GIVEN DATA Block Start

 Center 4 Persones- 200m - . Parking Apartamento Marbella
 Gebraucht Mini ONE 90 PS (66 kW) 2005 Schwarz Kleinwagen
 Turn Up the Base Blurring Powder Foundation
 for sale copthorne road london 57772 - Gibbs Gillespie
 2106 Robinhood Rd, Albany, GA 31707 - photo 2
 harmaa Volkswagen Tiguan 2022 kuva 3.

GIVEN DATA Block End

*PROBLEM TO WORK ON*. Give back the data exactly.

*EXERCISE OUTPUT*.
 Center 4 Persones- 200m - . Parking Apartamento Marbella
 Gebraucht Mini ONE 90 PS (66 kW) 2005 Schwarz Kleinwagen
 Turn Up the Base Blurring Powder Foundation
 for sale copthorne road london 57772 - Gibbs Gillespie
 2106 Robinhood Rd, Albany, GA 31707 - photo 2
 harmaa Volkswagen Tiguan 2022 kuva 3.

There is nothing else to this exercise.